### Exercise inputs:

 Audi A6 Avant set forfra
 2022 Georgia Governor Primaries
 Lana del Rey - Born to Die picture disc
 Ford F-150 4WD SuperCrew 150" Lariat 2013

---

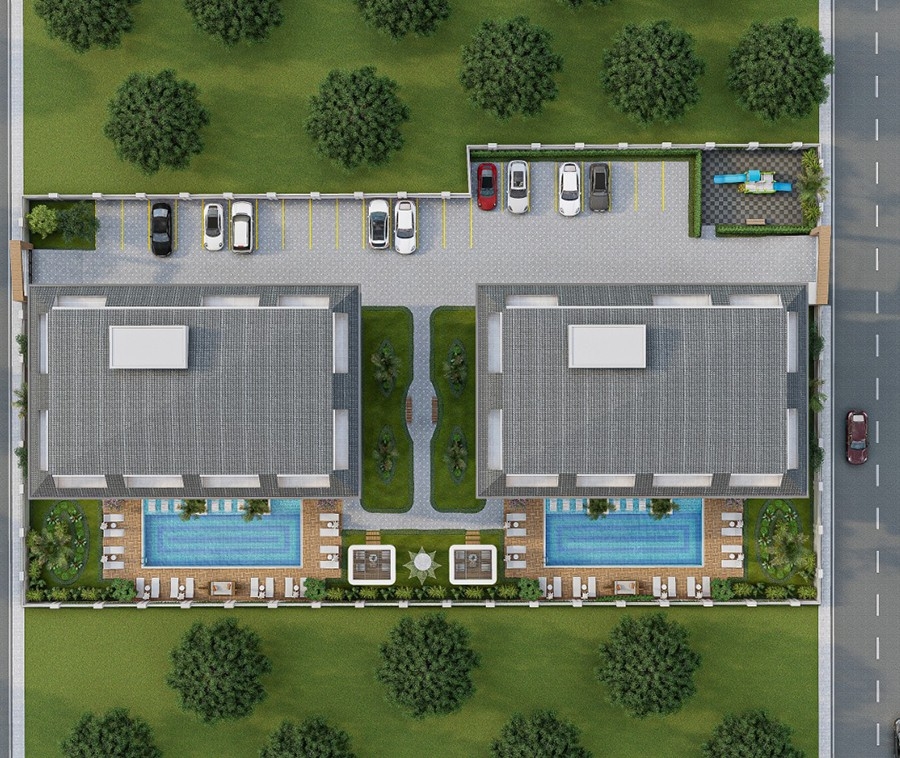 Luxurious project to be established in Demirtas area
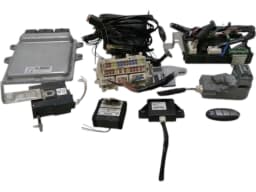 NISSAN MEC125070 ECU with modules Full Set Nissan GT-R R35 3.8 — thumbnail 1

### Directions for this task:
Scan the records above for the lines holding "Audi A6 Avant set forfra" and "Ford F-150 4WD". Transcribe those two and every line between them word for word, and no others.

### Written response:
 Audi A6 Avant set forfra
 2022 Georgia Governor Primaries
 Lana del Rey - Born to Die picture disc
 Ford F-150 4WD SuperCrew 150" Lariat 2013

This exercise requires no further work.